I am not defending the mother or anything she may have done. Augusten was abused, and she was the abuser. He was surrounded by abusers and in fact became one himself. However, writing about it, poking fun at it, doesn't make it less hideous. It certainly doesn't make it bearable or okay. I guess what I feel everyone else is missing is that while Augusten portrays himself as a victim; he also portrays himself as a smart player in what goes on around him. Survival instinct? For sure. Do I blame him? Of course not! It's just not something I would want to tell the world about - there is no revelation, no epiphany, no absolution or enlightenment for anyone in the story, including Augusten ... and so I don't find his story amazing, or very funny, which is what the critics seem to be saying about it.

I wouldn't buy it, and I won't reread it. However I might read the next installment, about Augusten's foray into alcoholism, if only to see if he ever gets real in it.

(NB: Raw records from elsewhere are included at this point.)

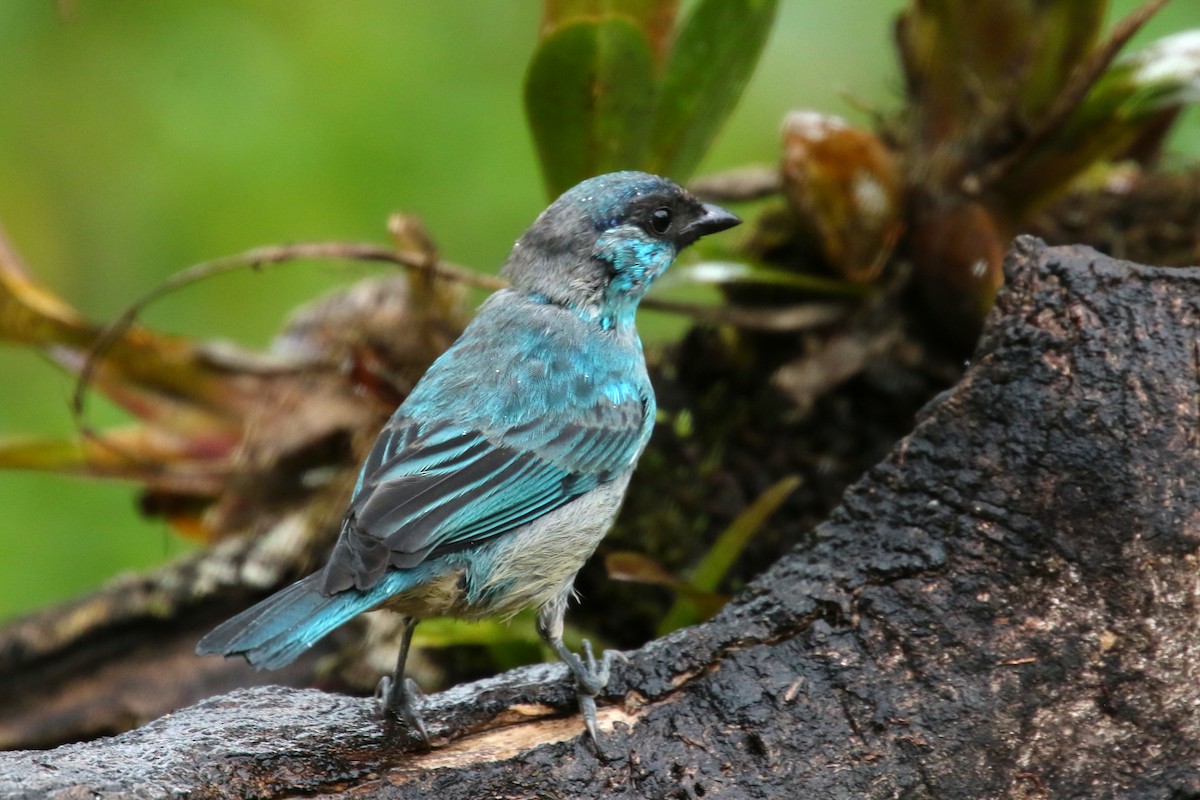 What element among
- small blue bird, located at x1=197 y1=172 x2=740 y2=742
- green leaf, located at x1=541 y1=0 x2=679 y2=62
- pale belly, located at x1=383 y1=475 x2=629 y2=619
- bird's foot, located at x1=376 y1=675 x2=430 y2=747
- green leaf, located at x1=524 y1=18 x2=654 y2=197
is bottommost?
bird's foot, located at x1=376 y1=675 x2=430 y2=747

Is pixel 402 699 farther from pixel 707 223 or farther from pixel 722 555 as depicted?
pixel 707 223

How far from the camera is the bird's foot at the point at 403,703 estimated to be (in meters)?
2.57

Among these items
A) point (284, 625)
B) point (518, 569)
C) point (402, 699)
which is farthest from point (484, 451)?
point (284, 625)

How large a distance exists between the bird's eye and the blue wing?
1.22ft

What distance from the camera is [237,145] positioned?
5895 mm

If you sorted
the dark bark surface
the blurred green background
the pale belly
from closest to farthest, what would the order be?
the dark bark surface < the pale belly < the blurred green background

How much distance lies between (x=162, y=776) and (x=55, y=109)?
4994mm

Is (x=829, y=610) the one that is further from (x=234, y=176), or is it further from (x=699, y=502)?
(x=234, y=176)

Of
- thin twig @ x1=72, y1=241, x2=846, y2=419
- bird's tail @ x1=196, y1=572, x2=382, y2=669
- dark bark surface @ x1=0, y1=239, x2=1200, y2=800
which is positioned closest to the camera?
bird's tail @ x1=196, y1=572, x2=382, y2=669

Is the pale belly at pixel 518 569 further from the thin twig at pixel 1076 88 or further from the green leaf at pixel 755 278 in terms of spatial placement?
the thin twig at pixel 1076 88

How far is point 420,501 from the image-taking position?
2686 mm

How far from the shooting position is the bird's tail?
2.29m

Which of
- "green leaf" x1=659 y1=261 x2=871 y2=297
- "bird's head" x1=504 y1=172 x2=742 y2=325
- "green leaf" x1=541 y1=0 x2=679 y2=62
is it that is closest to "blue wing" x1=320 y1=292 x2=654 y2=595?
"bird's head" x1=504 y1=172 x2=742 y2=325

I guess maybe that's what I was looking for - for Augusten's reality, not a caricaturization of what happened to him.

Rating: 4 stars
Summary: Growing up is not easy
Review: Many of us think our family is strange; however Burroughs trumps most of our claims easily in his memories of growing up. The cast of characters he presents here could fill several books by many other authors, and refreshingly the author is not necessarily the sanest of them all. The book begins with Burroughs as a compulsive clean freak with obsessions about hair and clothes that help insulate him from the world around. Yet as he's thrown into the mix with Dr. Finch and his family, the walls come down and he begins to embrace, if not thrive on the chaos around him. The book is told not in a "oh pity me for what I went through" voice - rather it's more of a story over beer showing how messed up the world can be. As noted by other reviews, he sometimes does go into "Too Much Information" land, but it's not so much lurid details as just more facts to support the craziness around. This is a story of a young man who is far from perfect, but who works with what life gave him, and comes out of it strong. A very enjoyable and fascinating look into the adolescence of one man.